This is the most expensive tourism ad I’ve ever seen.
The movie opens on Rachel Chu, an Economics professor at NYU, teaching a lesson on loss aversion. She beats her TA in a hand of poker, then calls him dumb and makes fun of his haircut, to the applause and raucous laughter of an extraordinarily attentive lecture hall. She goes out with her boyfriend, Nick Young, who suggests they attend his friend’s wedding back in his home country of Singapore. At the restaurant, two socialites overhear their conversation and message members of Singaporean high society, alerting everyone in the Young family’s social circle about their imminent arrival.
The rest of the movie is basically just a repeating sequence of: Rachel is awed by some cultural facet of Singapore -> Rachel interacts with people who she assumes are nice -> these people turn out not to be nice -> she gets mad and storms off.
Rachel and Nick arrive in Singapore, met by the couple whose wedding they’re going to attend, Colin and Araminta. They’re taken for a drive around the island, and end up in a big food court where Nick flexes his knowledge of the local language and customs. After meeting up with her old college roommate, Peik Lin, Rachel attends a party at the Young estate. She meets Nick’s extended family, including his mother, Eleanor. Eleanor asks Rachel personal questions, then responds with passive-aggressive answers, throwing shade at Rachel’s career (not the fact that she’s in Economics, just the fact that she has a job to begin with), and her upbringing.
The next day, Rachel and Nick arrive at an airstrip. The two split off to attend Colin and Araminta’s Bachelor/Bachelorette parties. Rachel meets Amanda, the Young family lawyer and a childhood friend of Nick’s. The two lament the horror of having to spend a full day on an island resort, bonding over their perceived superiority to the other guests. On the island, it’s revealed that Amanda was Nick’s old girlfriend; her jealousy become apparent when she starts giving Rachel backhanded compliments, questioning her loyalty to Nick and telling her that she’s not cool enough to sit at her lunch table.
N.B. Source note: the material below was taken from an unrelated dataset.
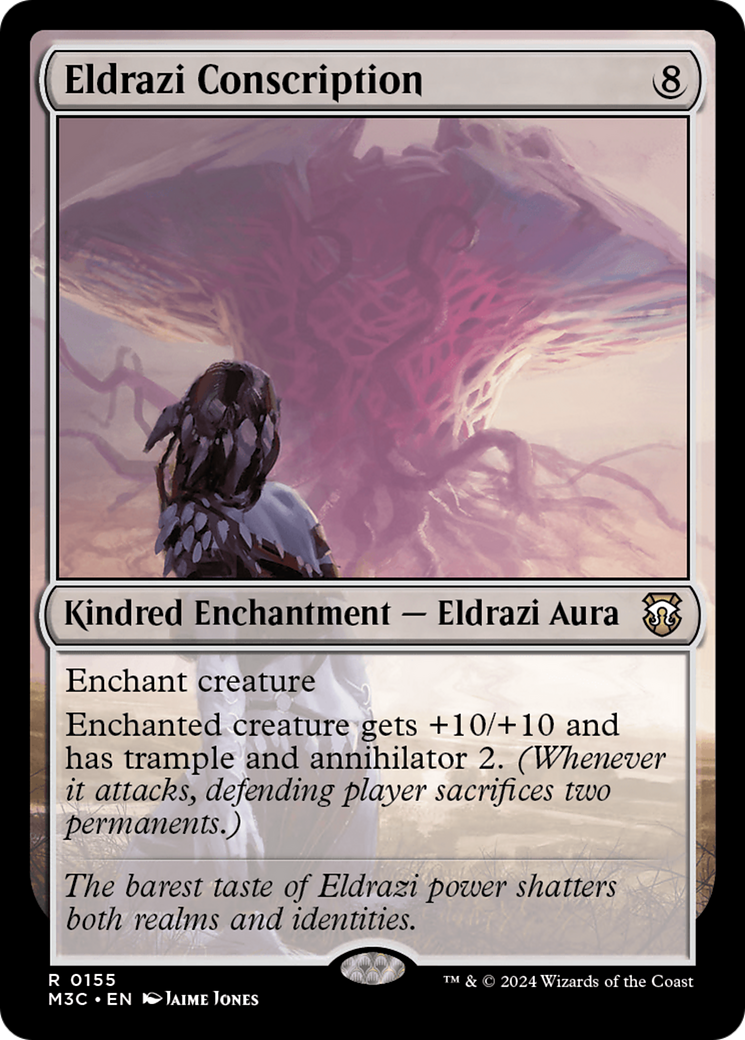 Conscription Eldrazi (M3C-155) - Modern Horizons 3 : Commandant Foil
Coming back to her room, Rachel finds the walls adorned with threatening messages written in blood, and a dead fish on her bed. Clearly unappreciative of the clever Godfather homage, she buries the fish on the shore of the beach.
Rachel goes back to Nick’s house to make dumplings. After wandering off on her own, she’s cornered by Eleanor, who explicitly tells Rachel that she sucks because she’s American (oof ouch my exceptionalism), and that she’s not “one of them.” Rachel resolves to get back at her by asserting dominance at Colin’s wedding. With the help Peik Lin, and another guy named Oliver, they give her a full makeover and some new clothes (I guess that’s the key to high self-esteem?). She attends Colin’s wedding, where she confronts the Princess? (kinda sketch cause Singapore doesn’t have a monarchy but whatever), and talks to her about Economics. This shocks everyone, as apparently this lady is antisocial and hates talking to people. Rachel receives a temporary boost in confidence (and clout), which quickly dissolves when…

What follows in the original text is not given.